Chapter 2 - Don't be Rushed into Buying Stocks

http://www.nytimes.com/2008/10/16/business/16views.html?_r=1&ref=yourmoney&oref=slogin

Summary
The media report I am blogging about is that you shouldn’t be rushed into buying stocks. Even though the stock levels are the same as 1999, it isn’t a good idea to buy stock because it seems like a bargain. The world stock markets are still jumping around and have gone to extreme lows. Even though the shares are cheap right now, they will get cheaper when the profits fall. So basically it means that the true opportunities in the stock market may still be in short supply and if you invest a lot of money, it might not really work out for you. So because of the tight credit everywhere, consumer spending, corporate profits and investor enthusiasm are set to squeeze for risky assets. So the article is trying to say that investing in stocks now wouldn’t be a good idea because the stocks might decrease even more and that would put the investor in a really bad position.

Connections
The connections between this article and chapter 2 are that this really affects the shareholders. Since the stocks have decreased quite badly, the shareholders that bought shares in the company have lost a lot of money too. The earnings per share have been affected and the financial statements have been affected too. Since the stock market has crashed, the shareholders earnings per share have decreased that sort of played a domino effect and ruined everything else about the company. The crash of the stock market really has connections with the Income Statement and Balance Sheet too, because this affects a lot of things about the Shareholders’ Equity. Investors and shareholders are always looking to buy, sell, or trade shares to enhance their financial position but the stock market crash really makes this a difficult thing to do. The stock market crash also connects with transactions that occur in Chapter 2 because since this crash occurred, many companies are in deep need of selling their assets to make their financial position rise and they would have to do a lot of transactions like getting loans and things in that area.
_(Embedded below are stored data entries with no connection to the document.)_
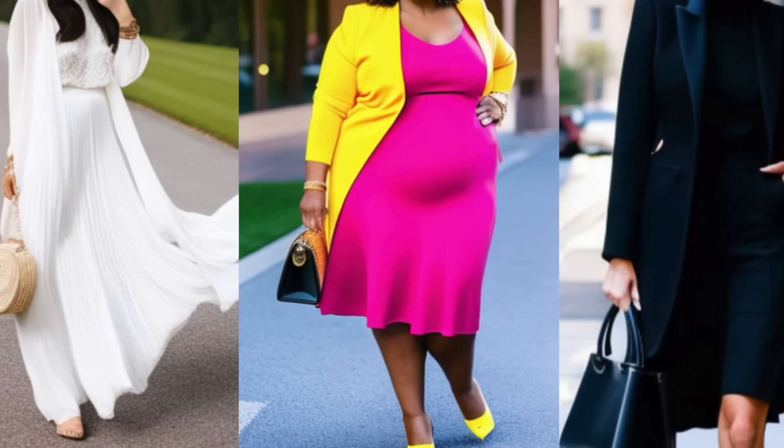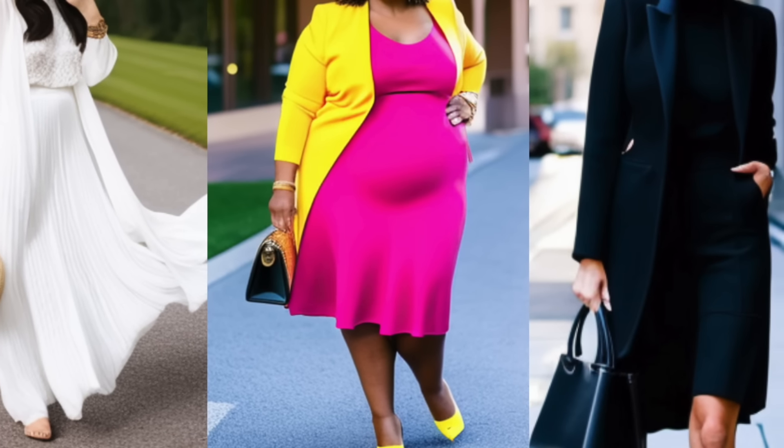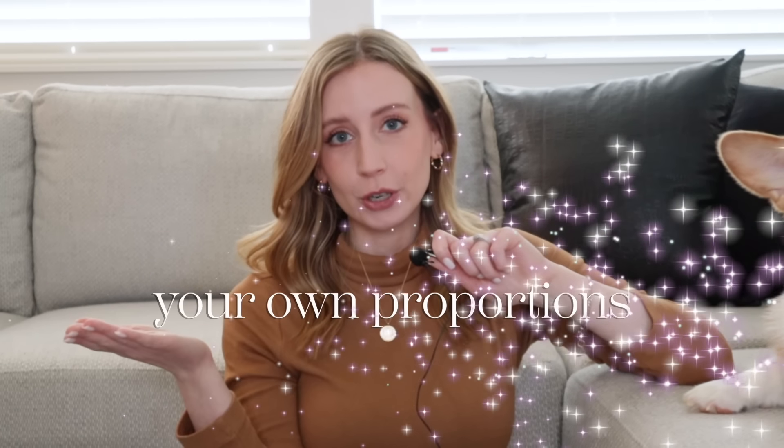What if I told you that the secret to great style isn't in the aesthetic? Sure, aesthetic is part of it, but it's how you wear it — your personality, your body type, how you pull it off. Those are what differentiate great style and good style. There are many different aesthetics you can choose, but you have one body. So let's talk about how to create more stylish outfits using your own proportions.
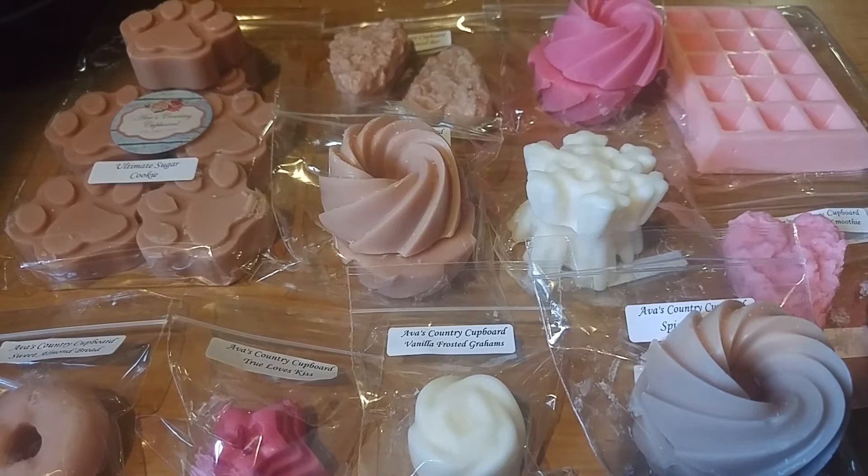Hi guys, thanks for stopping back to my channel. Today I have a fun haul video to share with you guys. She is a new to me vendor. Her name is Lindsay, I believe, and her company is called Ava's Country Covered.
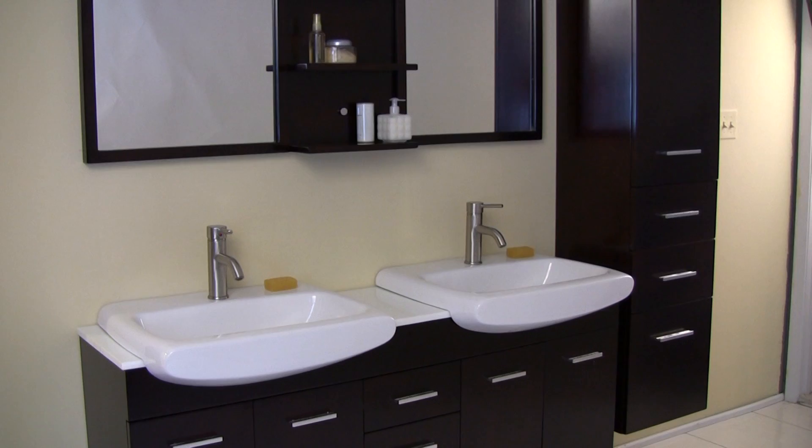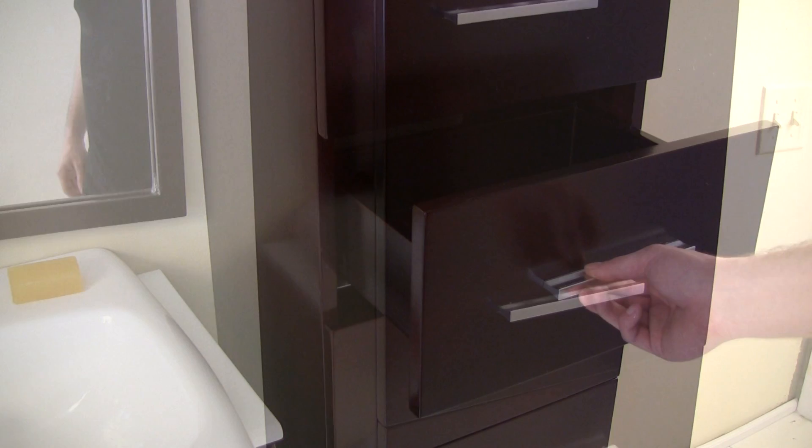An impressive double mirror adds to the style of the Veta Vanity. An optional side cap, also equipped with elegant slow-closing units, is also available.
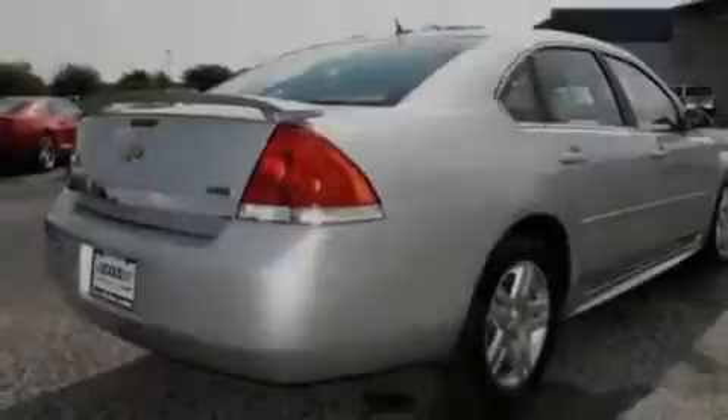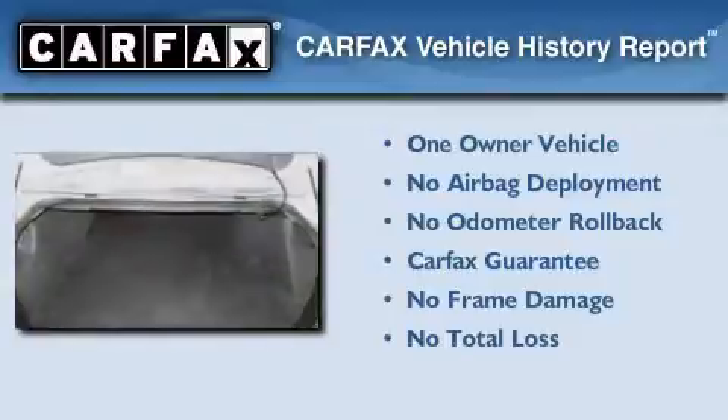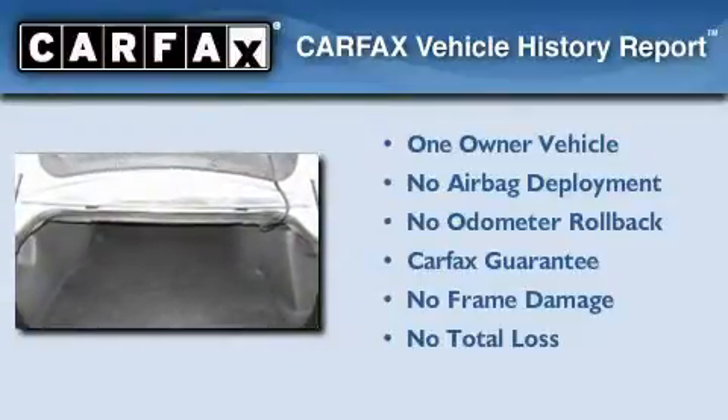With an EPA estimated rating of 29 miles per gallon on the highway, this vehicle pays off in the long run. This Chevrolet has had only one owner, and it qualifies for the Carfax Buy-Back Guarantee.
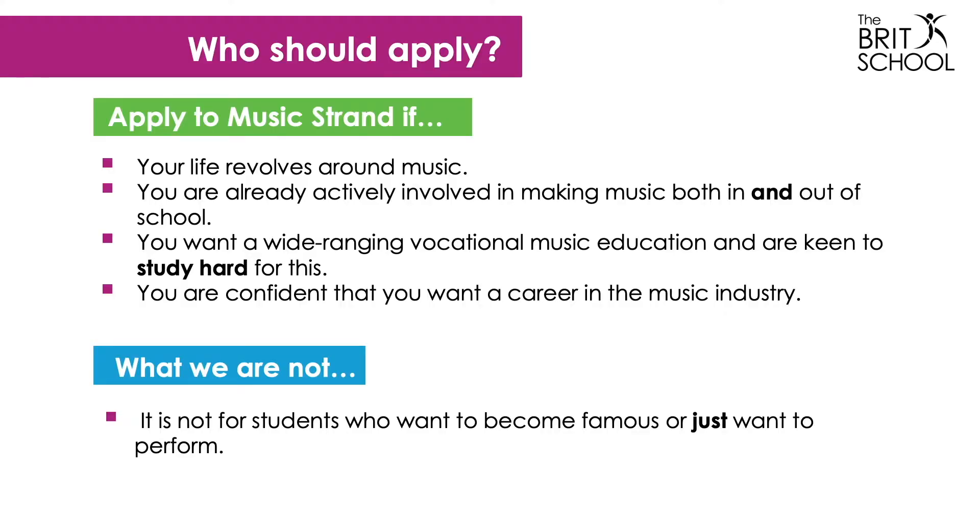So who should apply for music at Key Stage 4? Well, someone whose life revolves around music, and someone who is keen to work hard on all aspects — both practical and academic.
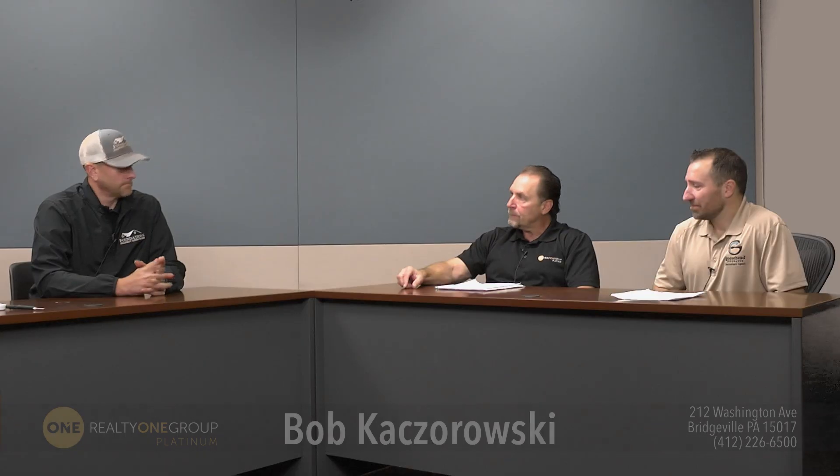We've talked about the importance of home inspections and what that process looks like. We have Jake Schneider with Foundation Property Inspections with us today to go through that process. Thanks for having me, it's an honor to be here.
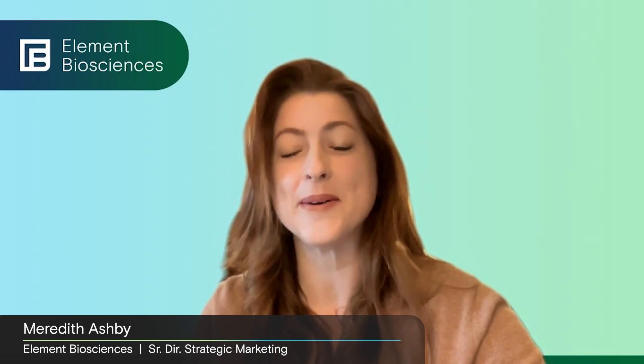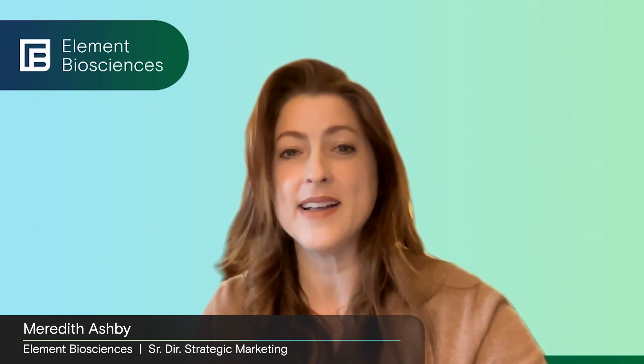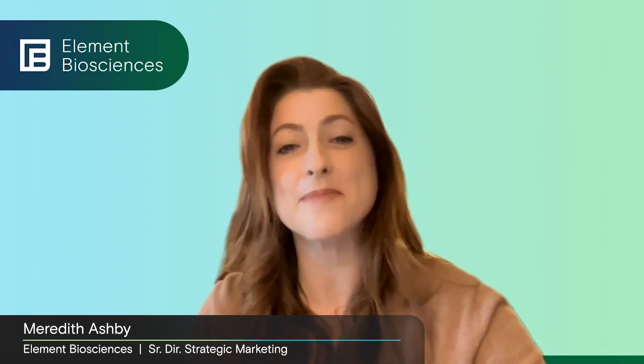Hi, I'm Meredith Ashby from Element Biosciences, and welcome to part two of our interview with Aviti Service Provider Fire Diagnostics, with Saeed Ahmed, the Element FAS supporting the Fire team, Katie Hevronik, their Director of R&D, and Trey Bloom, their Technical Applications Manager. Let's get back to our interview.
So basically, the two connect because when either the stocks or company go down, the other one gets affected strongly and takes a lot of damage too.

Personal Reflection
I believe that people shouldn’t go out and invest in stock markets right now because it wouldn’t be that great of an idea. Keeping your money under the bed would be a better solution then buying stocks at this moment in my opinion. There are many inexperienced investors right now that may jump into the market in which may break them or make them. I believe that is a huge risk financially and that everyone should just conserve their money at this point of time. I think that if you’re going to invest in the market, you should leave enough money with yourself that will still make you financially fit, instead of taking a risk and maybe even having it all be blown away. To me it seems that many younger investors might actually make the jump into the market but after it’s all done, I believe they will come out with a valuable experience. So basically, I think that if you’re going in, keep enough money to keep yourself financially fit, and if you’re not, this may be a very smart decision on your behalf. So if you’re going in you can either make it or break it.

Mandeep Dhami
Financial Accounting 12
Block A

5 comments:

harman_basra said...
This comment has been removed by the author.
harman_basra said...
This comment has been removed by the author.
harman_basra said...
This comment has been removed by the author.
harman_basra said...

I completely agree with your blog about not jumping into the stock market at this particular point. Just because the stock market seems as though it’s safe, it can put you in a horrible place financially if you do not make the right decisions. There is no such thing as a safe investment in today’s modern day society. I like how you said that potential investors should keep their money under the bed to be safe. As you mentioned the shareholders’ equity portion of the balance sheet has been hurt the most by the recent stock market slump. The earnings per share account have been decreased in almost every company during this crisis. I agree that the change in the shareholders’ equity has had a “domino effect” and has put some companies in a terrible financial position. It goes to show that when some accounts change, a company can be greatly affected.

Harman Basra
Financial Accounting 12
Block B

Ghost said...

You make a very good analysis on what you believe is the right thing for people to do at this point with their money in regards to investing in stocks. I find it very helpful as stock markets are always a risk, but now it is worse than ever, trying to win. The best choice for investors is to stay away from all of this hassle and hectic drama in the stocks and instead invest their money in something else or save up for a trip, a television, or a car(something important to you). Now as the saying goes "if you want to win big, you have to play big" this is not true to the least at this period of time because all you will be doing is flushing your money away into a black hole. The way your entire blog was written gave me and other readers a direct response to what we needed to know about the article.